“Never allow a crisis to go to waste” – Rahm Emanuel

An ever expanding list of states look to expand gaming. In the unlikely event of a v-shaped economic recovery, a state(s) of fiscal desperation will still prevail. We’re entering an extended bull market for slots.

Hopefully, the slot companies are heeding Mr. Emanuel’s advice and pushing their lobbying efforts at maximum effort.  There are plenty of dominoes yet to fall while many are already tilting.  Prospects for expanded gaming in Ohio, Iowa, Illinois, and Pennsylvania look decent.  With the pressing need for cash, states may step on the accelerator.  Long timelines experienced in Pennsylvania and Maryland are unlikely in these desperate times.

Here’s the state by state summary:

  • Ohio - Governor Strickland signed a directive instructing the director of the Ohio Lottery to immediately begin the process of implementing VLT’s at racetracks.  More details will become available today as the budget is released.  The approved legislation permits a maximum of 2,500 video lottery terminals at each of Ohio’s seven racetracks.  Requirements for each of the racetracks include a $100,000 application fee, a $65 million licensing fee, 50% of all net revenue being retained by the state, and capex requirements of at least $80 million in the first five years of operation with at least $20 million of that in the first year.  The proposal to open the door to four new casinos in downtown Cincinnati, Columbus, Cleveland, and Toledo could be back on the table. The Ohio Jobs and Growth Plan (OJGP) petition to have casinos voted on again in November collected more than twice the necessary amount of signatures required by the state government (400,000).  The Secretary of State is expected to give a final ruling on whether there is a sufficient number of valid signatures on the petition.  Despite the racetracks directive from Gov. Strickland, the OJGP plans to continue its campaign for four new casinos in Ohio.


  • Illinois - The Video Gaming Act was signed into law as part of House Bill 255.  The Act creates a new video poker market under the control of the Illinois Lottery Commission.  The Illinois Coin Machine Operators Association believes the number will end up being around 45,000 to 50,000 units.  The machines will be placed in licensed establishments (bars, taverns), licensed truck-stops, licensed fraternal establishments, and licensed veteran establishments.  The Illinois Gaming Board anticipates that it will be at least a year before gamblers in the Prairie State can legally play video poker.


  • Iowa - In light of Illinois approving video poker, Iowa is trying to decide how best to maintain its gaming market.

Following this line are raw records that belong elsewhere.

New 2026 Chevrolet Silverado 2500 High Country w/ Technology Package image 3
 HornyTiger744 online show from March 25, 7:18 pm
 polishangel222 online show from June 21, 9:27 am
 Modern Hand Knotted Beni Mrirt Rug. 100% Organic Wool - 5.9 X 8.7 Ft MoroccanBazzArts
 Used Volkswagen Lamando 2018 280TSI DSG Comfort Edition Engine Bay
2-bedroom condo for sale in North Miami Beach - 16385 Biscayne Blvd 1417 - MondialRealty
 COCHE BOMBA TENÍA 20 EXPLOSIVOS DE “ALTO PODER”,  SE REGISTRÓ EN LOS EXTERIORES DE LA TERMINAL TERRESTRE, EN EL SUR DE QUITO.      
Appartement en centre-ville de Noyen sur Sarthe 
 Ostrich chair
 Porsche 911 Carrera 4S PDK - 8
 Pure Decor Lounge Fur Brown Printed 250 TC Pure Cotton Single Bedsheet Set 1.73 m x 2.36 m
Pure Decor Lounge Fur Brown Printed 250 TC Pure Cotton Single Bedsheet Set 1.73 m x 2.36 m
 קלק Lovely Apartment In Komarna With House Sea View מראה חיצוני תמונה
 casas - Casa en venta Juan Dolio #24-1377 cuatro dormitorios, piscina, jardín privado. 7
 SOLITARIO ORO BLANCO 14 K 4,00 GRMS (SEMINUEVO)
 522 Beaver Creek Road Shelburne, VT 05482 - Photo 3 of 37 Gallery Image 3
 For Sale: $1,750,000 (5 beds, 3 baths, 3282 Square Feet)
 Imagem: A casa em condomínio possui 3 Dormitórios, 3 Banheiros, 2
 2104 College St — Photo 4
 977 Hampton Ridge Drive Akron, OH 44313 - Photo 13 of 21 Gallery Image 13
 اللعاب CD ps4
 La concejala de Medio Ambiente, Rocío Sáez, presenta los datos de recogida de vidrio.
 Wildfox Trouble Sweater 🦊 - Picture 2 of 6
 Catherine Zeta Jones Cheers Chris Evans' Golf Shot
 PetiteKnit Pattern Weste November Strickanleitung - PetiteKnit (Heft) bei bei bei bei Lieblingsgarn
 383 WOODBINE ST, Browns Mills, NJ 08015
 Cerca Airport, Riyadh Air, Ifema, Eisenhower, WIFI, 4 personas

The Iowa Gaming Commission held a public meeting on Thursday and, after some public comment, unanimously agreed to consider licensing new casinos.  Commissioners’ comments seem to indicate that they will be protective of casinos that are already open and that this process for granting new licenses will be more complicated than it was in the past.   The deadline for applications for licenses is October 1st and the commission is expecting five applications.  Press reports indicate that it could take up to a year for the commission to make any final decision.  Lyon County, in northwestern Iowa, could have a strong chance; the market is underserved and so cannibalization of other casinos’ revenue would not be an issue.  It would also draw from the Sioux Falls, South Dakota, market.  It seems likely that at least two new casino licenses will be granted with 2,000-3,000 slots.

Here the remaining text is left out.